## To do
Write out, word for word, only the lines from the one with "hazel dormouse (muscardinus" to the end of the data below.

## Crawled caption data
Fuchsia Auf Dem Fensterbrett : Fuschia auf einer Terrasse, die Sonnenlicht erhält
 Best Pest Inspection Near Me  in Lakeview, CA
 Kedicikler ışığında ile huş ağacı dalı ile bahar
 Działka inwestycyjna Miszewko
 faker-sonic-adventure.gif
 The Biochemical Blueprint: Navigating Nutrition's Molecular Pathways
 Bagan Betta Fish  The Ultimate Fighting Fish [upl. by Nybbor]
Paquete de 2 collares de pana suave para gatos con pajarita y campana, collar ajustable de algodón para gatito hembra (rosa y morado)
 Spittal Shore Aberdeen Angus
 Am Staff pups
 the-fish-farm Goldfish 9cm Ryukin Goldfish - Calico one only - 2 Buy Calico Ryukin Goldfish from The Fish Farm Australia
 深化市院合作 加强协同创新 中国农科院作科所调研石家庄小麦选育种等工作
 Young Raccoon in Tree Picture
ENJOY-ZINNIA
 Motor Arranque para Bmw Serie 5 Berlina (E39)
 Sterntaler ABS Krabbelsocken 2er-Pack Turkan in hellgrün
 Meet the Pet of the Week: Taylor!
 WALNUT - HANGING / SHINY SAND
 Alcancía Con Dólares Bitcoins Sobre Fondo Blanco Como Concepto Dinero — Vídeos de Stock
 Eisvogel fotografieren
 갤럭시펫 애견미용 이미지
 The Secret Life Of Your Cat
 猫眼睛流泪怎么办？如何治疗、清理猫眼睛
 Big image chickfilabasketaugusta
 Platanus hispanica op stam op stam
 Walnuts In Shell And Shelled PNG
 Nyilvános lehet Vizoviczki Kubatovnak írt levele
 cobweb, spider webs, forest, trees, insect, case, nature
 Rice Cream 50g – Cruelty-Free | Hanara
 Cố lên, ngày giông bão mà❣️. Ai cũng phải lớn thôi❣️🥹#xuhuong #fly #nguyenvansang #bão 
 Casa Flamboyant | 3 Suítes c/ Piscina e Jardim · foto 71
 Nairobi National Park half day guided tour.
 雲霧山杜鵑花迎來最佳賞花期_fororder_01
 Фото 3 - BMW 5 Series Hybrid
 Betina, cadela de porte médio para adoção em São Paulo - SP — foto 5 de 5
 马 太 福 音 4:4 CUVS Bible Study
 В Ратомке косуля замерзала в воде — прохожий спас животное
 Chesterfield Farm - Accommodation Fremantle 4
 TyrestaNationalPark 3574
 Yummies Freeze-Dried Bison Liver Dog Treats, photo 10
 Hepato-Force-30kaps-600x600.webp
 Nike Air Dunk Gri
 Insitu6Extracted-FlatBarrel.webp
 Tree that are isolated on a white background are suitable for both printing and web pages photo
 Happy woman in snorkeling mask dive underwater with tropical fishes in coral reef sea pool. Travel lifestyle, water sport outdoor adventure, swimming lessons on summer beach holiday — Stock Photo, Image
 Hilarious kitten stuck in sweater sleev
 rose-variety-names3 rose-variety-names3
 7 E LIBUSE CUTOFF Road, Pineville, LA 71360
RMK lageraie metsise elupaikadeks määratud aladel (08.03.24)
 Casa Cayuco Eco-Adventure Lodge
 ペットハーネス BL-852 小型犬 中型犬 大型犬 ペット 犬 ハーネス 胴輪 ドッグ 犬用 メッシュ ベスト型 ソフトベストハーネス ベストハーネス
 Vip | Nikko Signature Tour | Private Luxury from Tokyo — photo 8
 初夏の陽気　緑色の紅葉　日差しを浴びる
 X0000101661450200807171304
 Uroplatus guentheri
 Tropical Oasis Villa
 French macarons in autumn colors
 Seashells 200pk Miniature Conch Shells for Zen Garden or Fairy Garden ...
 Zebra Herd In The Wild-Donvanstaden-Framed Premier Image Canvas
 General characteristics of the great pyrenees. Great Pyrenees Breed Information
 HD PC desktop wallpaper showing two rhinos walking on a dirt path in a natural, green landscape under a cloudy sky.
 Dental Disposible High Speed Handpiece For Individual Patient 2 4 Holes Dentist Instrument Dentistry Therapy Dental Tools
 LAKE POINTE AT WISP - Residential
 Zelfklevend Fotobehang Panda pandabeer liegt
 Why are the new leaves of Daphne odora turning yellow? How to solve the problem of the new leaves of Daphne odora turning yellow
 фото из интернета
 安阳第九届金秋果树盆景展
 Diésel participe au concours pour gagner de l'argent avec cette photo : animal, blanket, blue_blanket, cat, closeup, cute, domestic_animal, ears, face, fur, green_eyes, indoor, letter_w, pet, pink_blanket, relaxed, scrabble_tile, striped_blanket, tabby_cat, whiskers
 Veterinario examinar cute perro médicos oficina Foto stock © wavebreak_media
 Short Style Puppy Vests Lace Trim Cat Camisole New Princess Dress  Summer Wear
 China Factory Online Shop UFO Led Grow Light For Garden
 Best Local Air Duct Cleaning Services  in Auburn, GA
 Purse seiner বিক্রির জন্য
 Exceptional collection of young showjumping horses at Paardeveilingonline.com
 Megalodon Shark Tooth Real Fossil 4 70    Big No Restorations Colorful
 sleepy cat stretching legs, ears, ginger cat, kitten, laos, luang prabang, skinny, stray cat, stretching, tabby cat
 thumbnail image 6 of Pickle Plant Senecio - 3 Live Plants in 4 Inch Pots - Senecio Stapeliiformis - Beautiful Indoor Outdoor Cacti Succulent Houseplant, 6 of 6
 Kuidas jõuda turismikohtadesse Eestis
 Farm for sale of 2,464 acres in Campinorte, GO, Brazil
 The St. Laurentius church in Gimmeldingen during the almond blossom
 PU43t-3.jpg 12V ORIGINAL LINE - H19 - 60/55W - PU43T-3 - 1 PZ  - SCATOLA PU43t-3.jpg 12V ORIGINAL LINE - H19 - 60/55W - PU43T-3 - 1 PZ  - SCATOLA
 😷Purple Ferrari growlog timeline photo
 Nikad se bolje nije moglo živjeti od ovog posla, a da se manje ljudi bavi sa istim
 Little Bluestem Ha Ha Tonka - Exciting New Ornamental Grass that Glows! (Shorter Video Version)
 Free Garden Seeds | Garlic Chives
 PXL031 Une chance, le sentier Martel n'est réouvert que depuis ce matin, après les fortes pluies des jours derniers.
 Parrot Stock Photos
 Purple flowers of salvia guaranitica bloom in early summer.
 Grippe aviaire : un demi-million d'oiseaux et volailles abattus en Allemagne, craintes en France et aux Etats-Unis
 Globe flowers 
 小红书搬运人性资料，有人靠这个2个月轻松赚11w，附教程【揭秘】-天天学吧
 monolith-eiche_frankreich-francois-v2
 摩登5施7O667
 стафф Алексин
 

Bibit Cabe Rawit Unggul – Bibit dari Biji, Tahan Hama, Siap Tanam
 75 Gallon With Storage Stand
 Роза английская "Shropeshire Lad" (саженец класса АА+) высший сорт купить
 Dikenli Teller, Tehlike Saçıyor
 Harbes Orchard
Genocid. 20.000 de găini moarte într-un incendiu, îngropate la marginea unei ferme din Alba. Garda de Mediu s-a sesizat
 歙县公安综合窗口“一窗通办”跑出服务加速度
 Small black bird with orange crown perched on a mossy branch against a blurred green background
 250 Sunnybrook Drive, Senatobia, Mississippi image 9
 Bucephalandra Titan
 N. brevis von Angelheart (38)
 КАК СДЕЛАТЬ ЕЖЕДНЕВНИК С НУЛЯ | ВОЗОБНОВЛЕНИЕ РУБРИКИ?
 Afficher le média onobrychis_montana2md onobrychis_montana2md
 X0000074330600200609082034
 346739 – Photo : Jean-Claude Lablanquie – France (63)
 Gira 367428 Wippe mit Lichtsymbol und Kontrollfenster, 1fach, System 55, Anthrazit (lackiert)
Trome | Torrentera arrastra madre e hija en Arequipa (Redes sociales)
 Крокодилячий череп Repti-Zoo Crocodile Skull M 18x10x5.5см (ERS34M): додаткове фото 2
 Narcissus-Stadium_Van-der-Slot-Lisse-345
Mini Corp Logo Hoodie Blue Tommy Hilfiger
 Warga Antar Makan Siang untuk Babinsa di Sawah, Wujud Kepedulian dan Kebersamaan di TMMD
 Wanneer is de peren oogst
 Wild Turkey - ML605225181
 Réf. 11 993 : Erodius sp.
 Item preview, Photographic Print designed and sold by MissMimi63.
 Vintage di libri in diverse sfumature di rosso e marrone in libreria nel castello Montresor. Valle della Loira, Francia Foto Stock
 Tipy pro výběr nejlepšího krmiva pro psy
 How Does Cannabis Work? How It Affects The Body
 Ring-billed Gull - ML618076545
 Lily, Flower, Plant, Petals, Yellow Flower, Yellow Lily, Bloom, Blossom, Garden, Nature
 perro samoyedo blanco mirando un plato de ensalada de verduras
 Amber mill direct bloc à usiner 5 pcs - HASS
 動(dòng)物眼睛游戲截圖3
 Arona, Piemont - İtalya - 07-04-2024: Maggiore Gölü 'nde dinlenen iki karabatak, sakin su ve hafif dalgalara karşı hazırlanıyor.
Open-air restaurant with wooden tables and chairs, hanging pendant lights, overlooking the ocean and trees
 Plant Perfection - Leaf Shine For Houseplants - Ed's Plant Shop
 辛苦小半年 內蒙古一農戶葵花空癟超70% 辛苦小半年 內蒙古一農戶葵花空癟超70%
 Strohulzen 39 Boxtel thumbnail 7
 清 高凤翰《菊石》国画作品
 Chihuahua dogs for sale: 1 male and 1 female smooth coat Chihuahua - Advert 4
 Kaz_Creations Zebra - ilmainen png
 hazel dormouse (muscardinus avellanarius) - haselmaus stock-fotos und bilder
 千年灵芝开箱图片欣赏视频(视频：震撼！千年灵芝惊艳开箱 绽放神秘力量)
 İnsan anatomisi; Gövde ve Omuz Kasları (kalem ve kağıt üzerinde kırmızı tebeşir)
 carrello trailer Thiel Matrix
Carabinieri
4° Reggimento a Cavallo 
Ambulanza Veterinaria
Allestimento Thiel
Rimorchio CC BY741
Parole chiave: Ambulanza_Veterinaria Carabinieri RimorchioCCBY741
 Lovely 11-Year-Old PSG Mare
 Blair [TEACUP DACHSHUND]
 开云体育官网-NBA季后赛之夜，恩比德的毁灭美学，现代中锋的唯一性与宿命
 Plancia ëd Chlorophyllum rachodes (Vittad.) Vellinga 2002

## Response below
 hazel dormouse (muscardinus avellanarius) - haselmaus stock-fotos und bilder
 千年灵芝开箱图片欣赏视频(视频：震撼！千年灵芝惊艳开箱 绽放神秘力量)
 İnsan anatomisi; Gövde ve Omuz Kasları (kalem ve kağıt üzerinde kırmızı tebeşir)
 carrello trailer Thiel Matrix
Carabinieri
4° Reggimento a Cavallo 
Ambulanza Veterinaria
Allestimento Thiel
Rimorchio CC BY741
Parole chiave: Ambulanza_Veterinaria Carabinieri RimorchioCCBY741
 Lovely 11-Year-Old PSG Mare
 Blair [TEACUP DACHSHUND]
 开云体育官网-NBA季后赛之夜，恩比德的毁灭美学，现代中锋的唯一性与宿命
 Plancia ëd Chlorophyllum rachodes (Vittad.) Vellinga 2002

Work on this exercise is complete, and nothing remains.